Reputation: 590
I'm working on creating a binary search algorithm in C that searches for a string in a .txt file. Each line is a string representing a stock ticker. Not being familiar with C, this is taking far too long. I have a few questions:
1.) Once I have opened a file using fopen, does it make more sense in terms of efficiency for the algorithm to step through the file using some function provided in the C library for scanning files, doing the compare directly from the file, or should I copy each line into an array and have the algorithm search the array?
2.) If I should compare directly from the file, what is the best way to step through it? Assume I have the number of lines in the file, is there some way to go directly to the middle line, scan the string and do the compare?

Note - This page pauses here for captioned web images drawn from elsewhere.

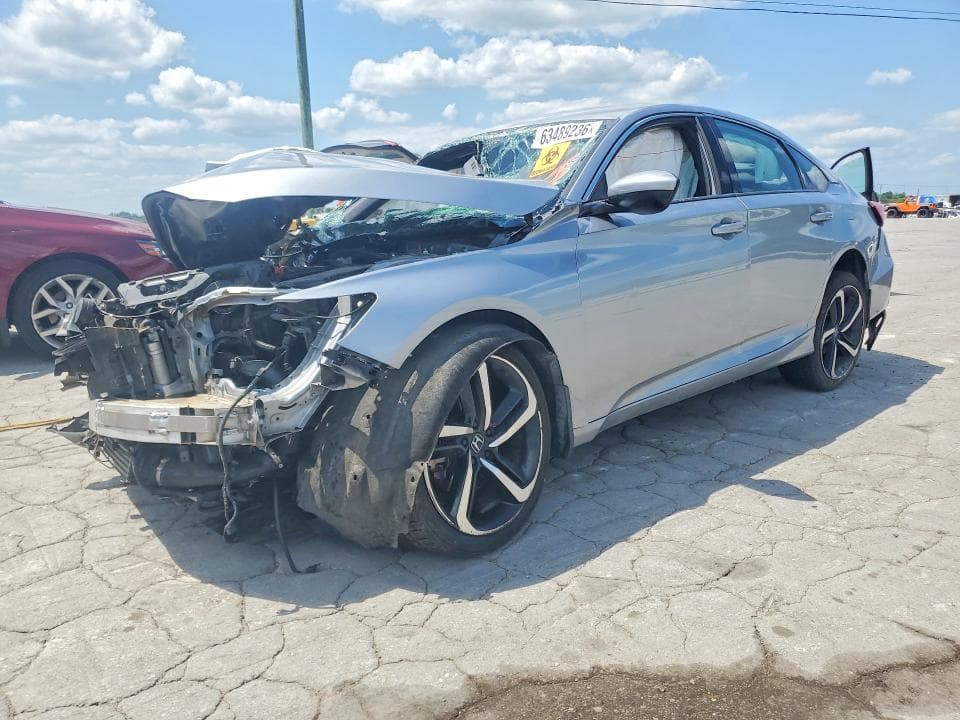 2018 HONDA ACCORD SPORT - 1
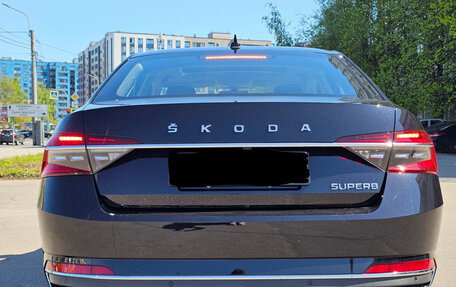Skoda Superb, 2025 год, 3 350 000 рублей, 7 фотография
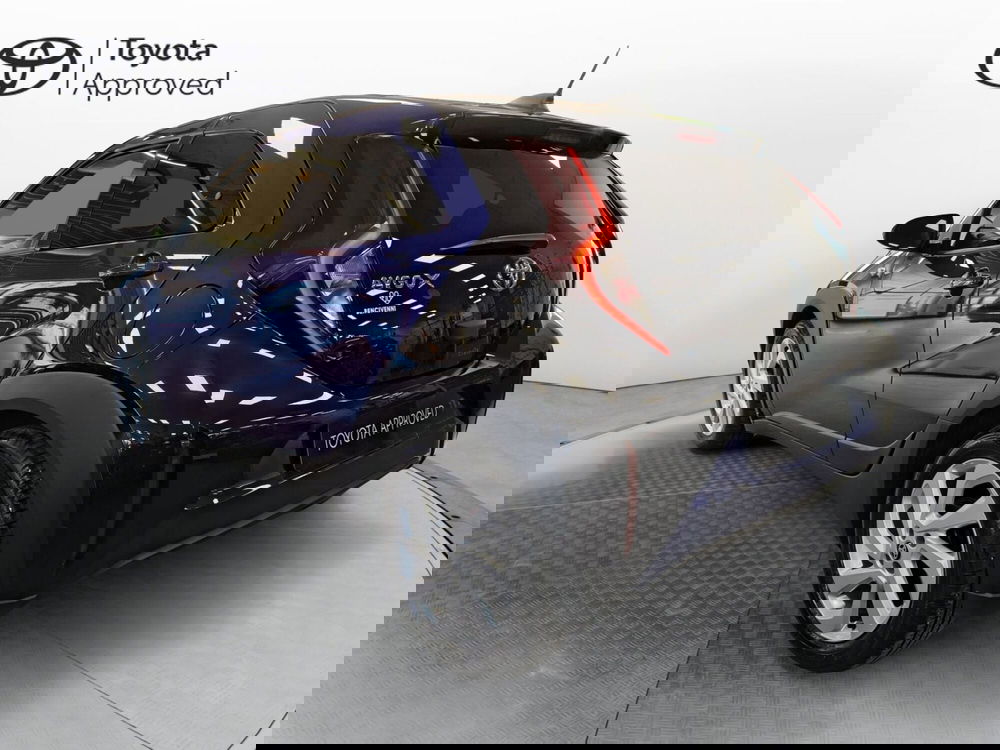 Toyota Aygo X usata a Catanzaro (4)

I'm sorry if this is too vague. Not too sure how to better explain. Thanks for your time
Upvotes: 4
Views: 2558
Reputation: 372814
This is a great question!
The challenge of binary search is that the benefits of binary search come from being able to skip past half the elements at each step in O(1). This guarantees that, since you only do O(lg n) probes, that the runtime is O(lg n). This is why, for example, you can do a fast binary search on an array but not a linked list - in the linked list, finding the halfway point of the elements takes linear time, which dominates the time for the search.

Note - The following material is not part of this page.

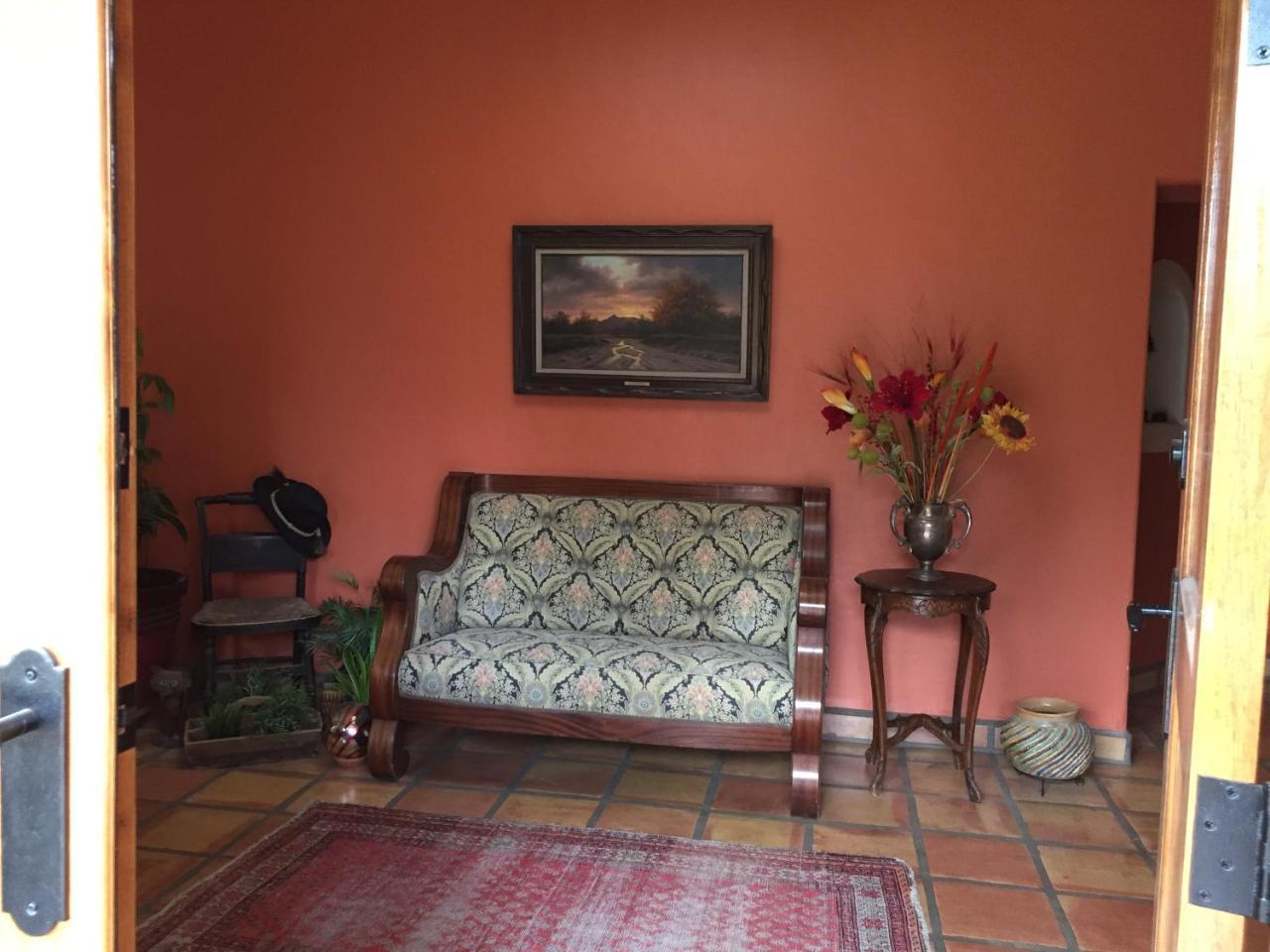 Casa Paloma B&B 투박 외부 사진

When doing binary search on a file you are in a similar position. Since all the lines in the file might not have the same length, you can't easily jump to the nth line in the file given some number n. Consequently, implementing a good, fast binary search on a file will be a bit tricky. Somehow, you will need to know where each line starts and stops so that you can efficiently jump around in the file.
There are many ways you can do this. First, you could load all the strings from the file into an array, as you've suggested. This takes linear time, but once you have the array of strings in memory all future binary searches will be very fast. The catch is that if you have a very large file, this may take up a lot of memory, and could be prohibitively expansive. Consequently, another alternative might be not to store the actual stings in the array, but rather the offsets into the file at which each string occurs. This would let you do the binary search quickly - you could seek the file to the proper offset when doing a comparison - and for large stings can be much more space-efficient than the above. And, if all the strings are roughly the same length, you could just pad every line to some fixed size to allow for direct computation of the start position of each line.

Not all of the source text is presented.